Drosophila Larval Development and Human Immunodeficiency: The Adenosine Deaminase Connection


For most healthy individuals, infection triggers a rapid immune response that repels the invaders. But for those rare individuals born without the immune system cells (lymphocytes) that recognize and kill pathogens, bacterial, viral, or fungal encounters can result in recurrent infections that are more life-threatening and less responsive to treatment than similar infections in normal infants. In the past, all that could be done for children with severe combined immunodeficiency (SCID) was to protect them from infections by cocooning them in sterile plastic bubbles, which gave the disease its common name: bubble-boy syndrome. Nowadays, the treatment of choice, provided a suitable donor is available, is bone-marrow or stem-cell transplantation, which provides SCID children with a functioning immune system.

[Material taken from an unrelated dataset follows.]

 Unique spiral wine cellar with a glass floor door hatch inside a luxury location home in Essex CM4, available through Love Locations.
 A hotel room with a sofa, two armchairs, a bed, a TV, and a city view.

Mutations in at least nine genes can cause human SCID, but 20% of cases are caused by a deficiency of the enzyme adenosine deaminase. This enzyme, which is present in all organisms, converts adenosine and deoxyadenosine to inosine and deoxyinosine, respectively. When adenosine deaminase is missing, its substrates (adenosine and deoxyadenosine) accumulate, and this is thought to cause the complete breakdown in immune defense characteristic of SCID.

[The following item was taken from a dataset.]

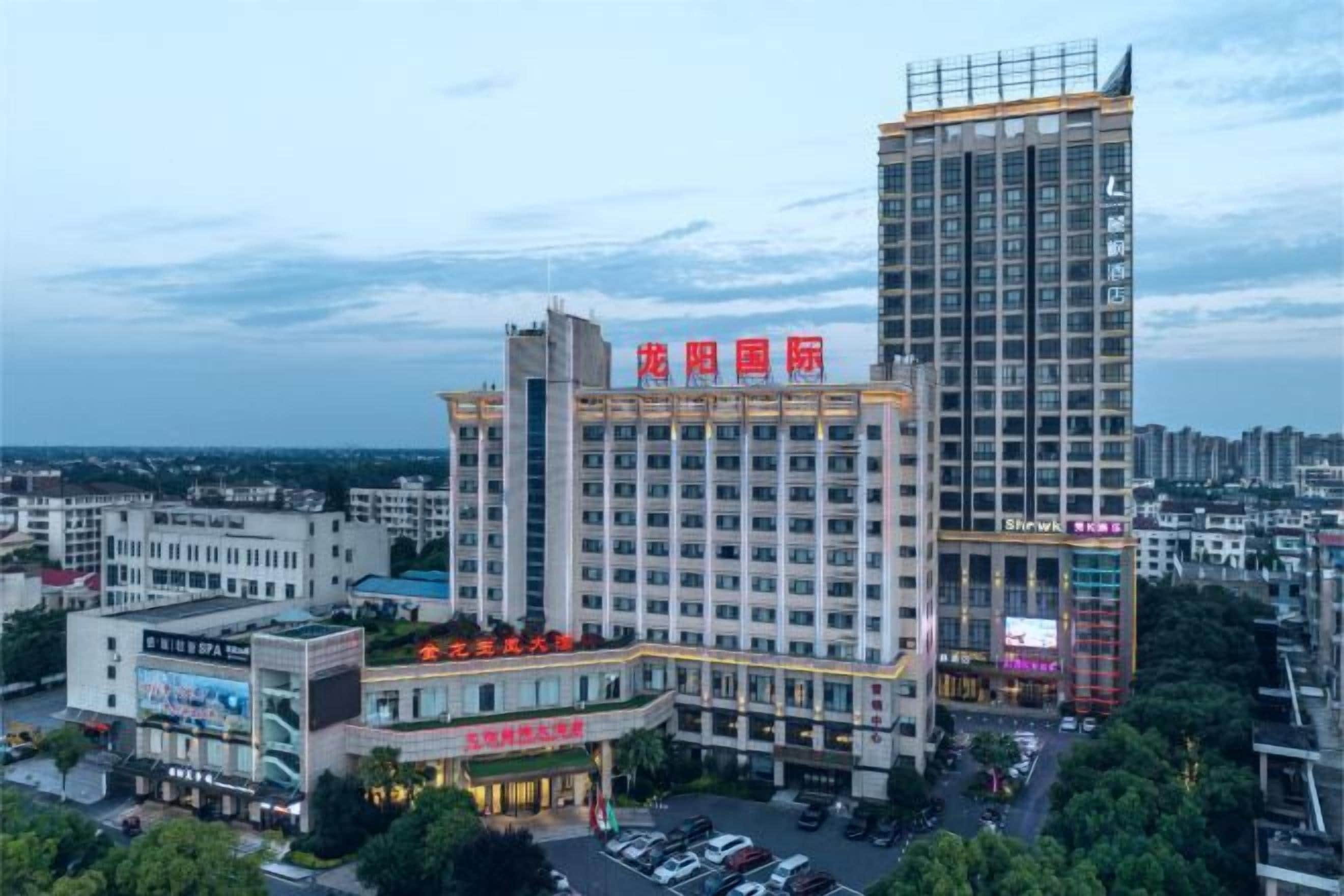 A multi-story hotel with a prominent sign at the top, surrounded by other buildings and a parking area.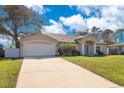 Inviting single-story home with a spacious driveway leading to an attached two-car garage at 970 Picasso Ave, Deltona, FL 32738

To explore the role of adenosine deaminase in a tractable model system, Peter Bryant and his colleagues have now developed a Drosophila model by disabling the expression of a protein—called adenosine deaminase-related growth factor A (ADGF-A)—that serves as a major adenosine deaminase in the fly. In flies lacking ADGF-A enzymatic activity, adenosine and deoxyadenosine concentrations increase in the larval hemolymph, the circulatory fluid or “blood” of insects. Lack of the enzyme, the researchers report, caused larval death associated with the disintegration of the fat body (the adipose tissue spread throughout the body of the insect), melanotic tumors, and delays and defects in development.

The first two effects, fat body disintegration and the presence of melanotic tumors, are directly attributable to dysregulation of hemocytes (fly blood cells) in the mutant animals. It turns out that in adgf-a-mutant larvae, hemocytes are released prematurely from the lymph glands (the organs where hemocytes are produced and stored). These prematurely released hemocytes then cause fat body disintegration and formation of melanotic tumors; however, if ADGF-A expression is selectively restored in the lymph glands, then hemocytes are not prematurely released, and the larvae survive and develop without the tumors or fat body disintegration.

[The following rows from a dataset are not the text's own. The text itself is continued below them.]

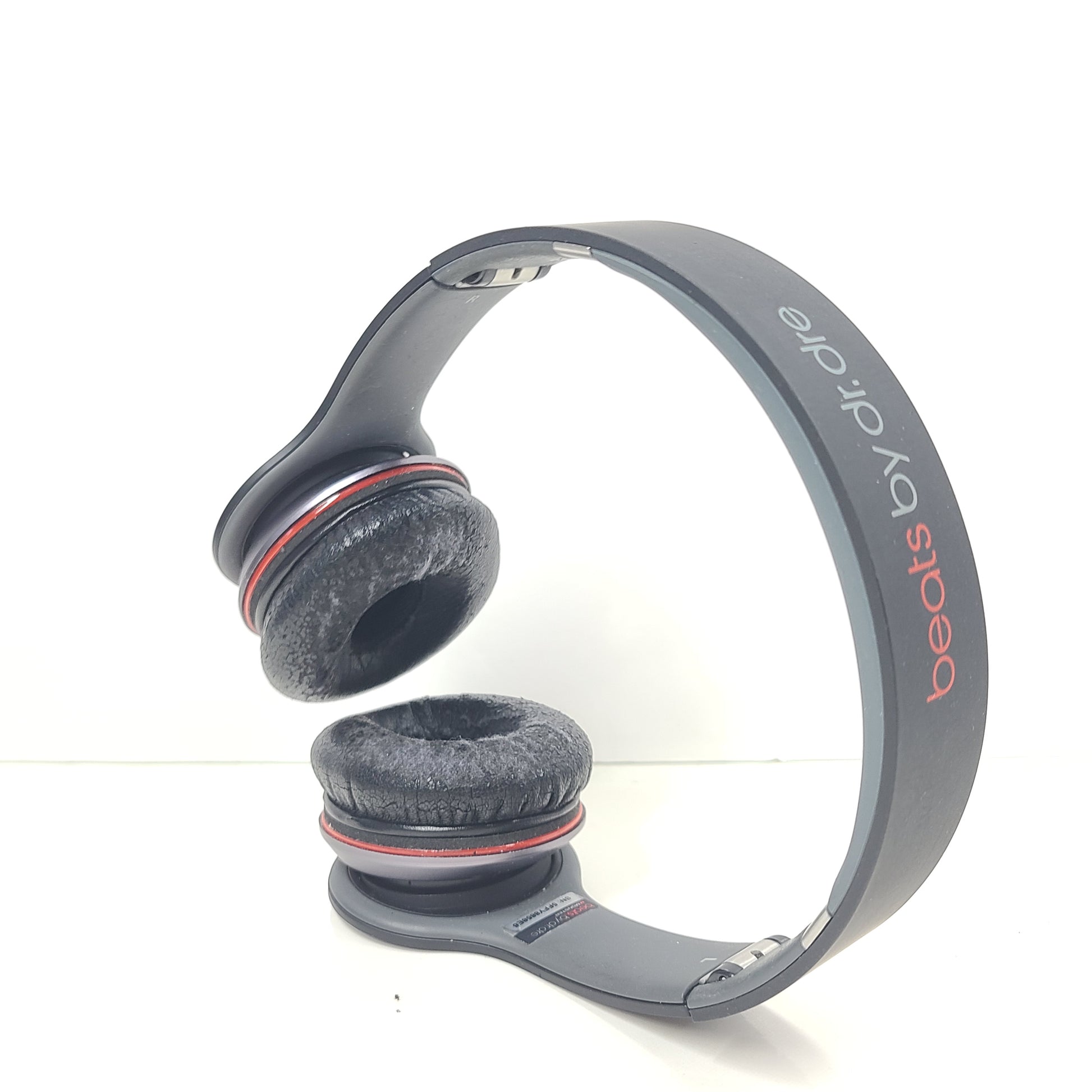 A pair of black and red Beats by Dr. Dre Solo HD Wired Headphones with case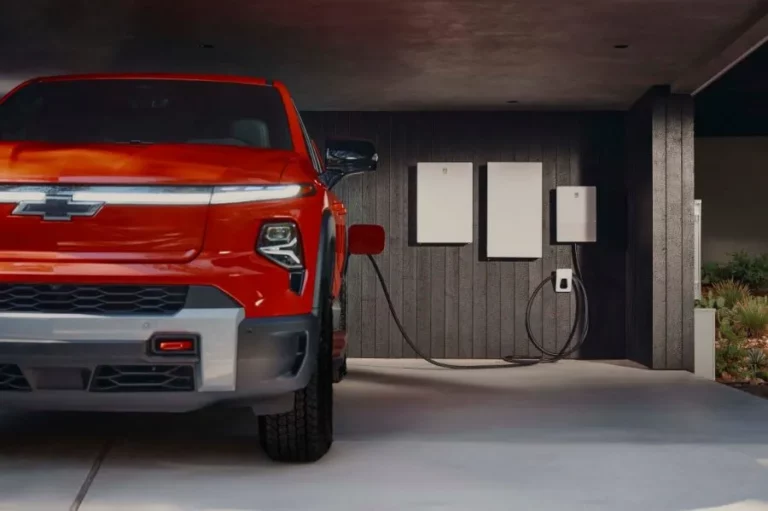 GM Energy V2H Bundle plugged into a 2026 Chevrolet Silverado EV Trail Boss in a home garage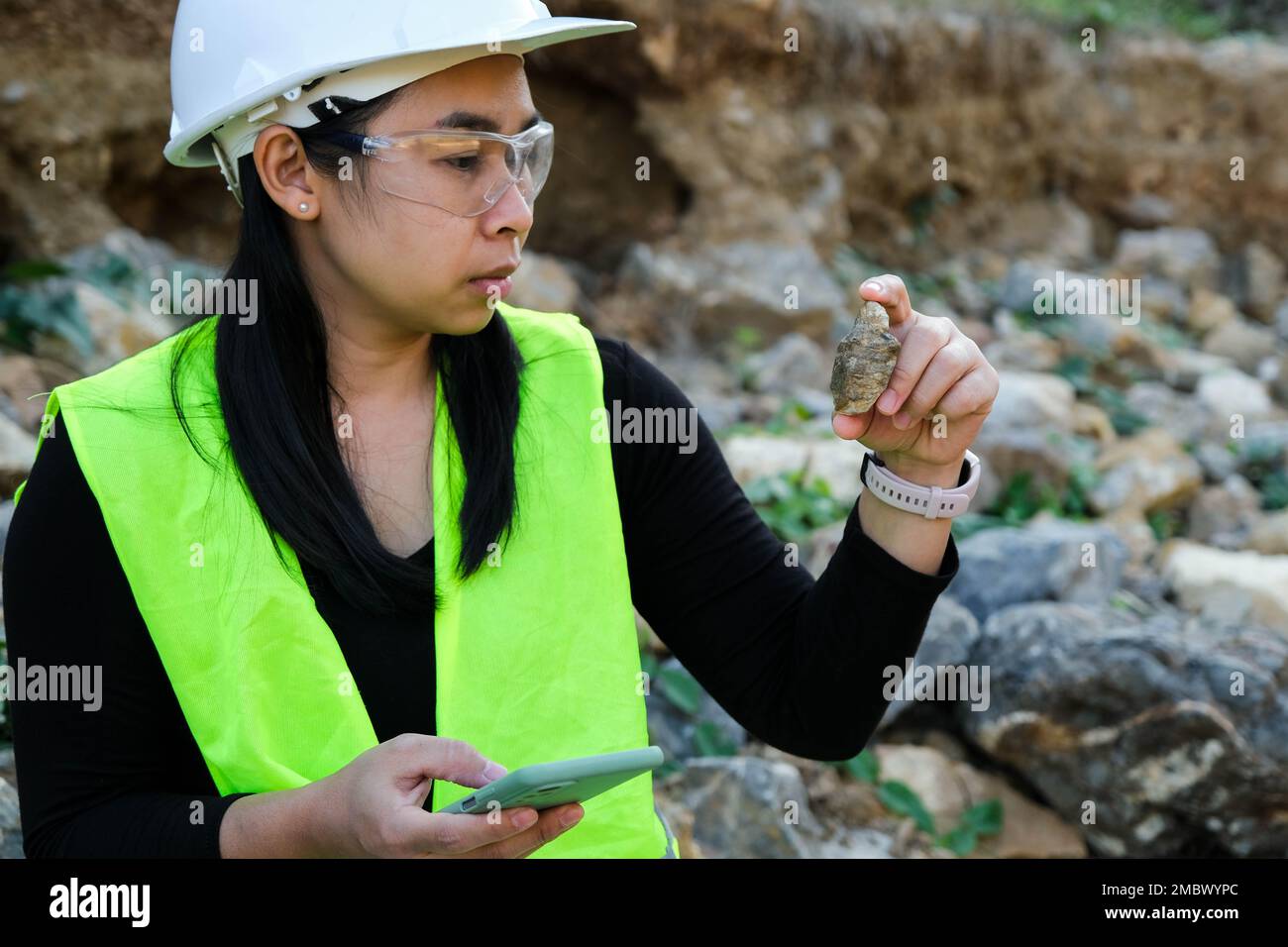 Geologo femminile che utilizza il telefono cellulare per registrare i dati di analisi di rocce o ghiaia. I ricercatori raccolgono campioni di materiali biologici. Ambientale ed e Foto Stock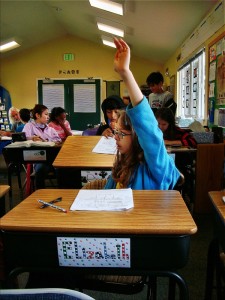 A student raises her hand for help in math class at Living Wisdom School in Palo Alto.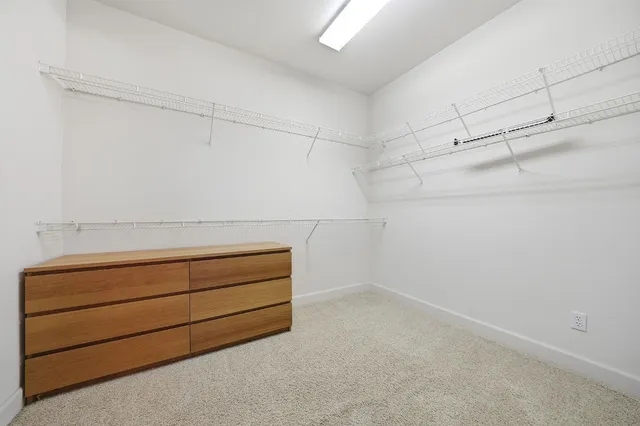 a front view of a house with patio furniture and fire pit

Bryant and his colleagues reasoned that the elevated adenosine might have direct effects on fly development aside from the dysregulation of hemocytes, so they examined the development of adgf-a mutant flies that also lacked a functional adenosine receptor (adoR mutants). They found that adgf-a/adoR mutant larvae were able to survive and continue development to adulthood, although these animals still experienced fat body disintegration and some melanotic tumors. These results suggest that the second consequence of ADGF-A deficiency, delayed development, is caused by the elevated adenosine in the animals signaling through adenosine receptors.

Drosophila adgf-a mutant larvae with melanotic tumors in their body cavities

Altogether, these results establish adgf-a flies as a useful model system for unraveling the many effects that adenosine and deoxyadenosine have on cellular physiology in general and on the immune system in particular. Because hemocyte release from lymph glands and delays in development also occur in response to infection, the authors hypothesize that adenosine might be involved in controlling hemocyte release and postponing development when fly larvae are challenged by microbial attacks. Future experiments in this model system should provide important clues to the pathology of adenosine deaminase deficiency–associated SCID and should also advance our understanding of how adenosine acts as a stress hormone during infections in individuals with normal immune systems.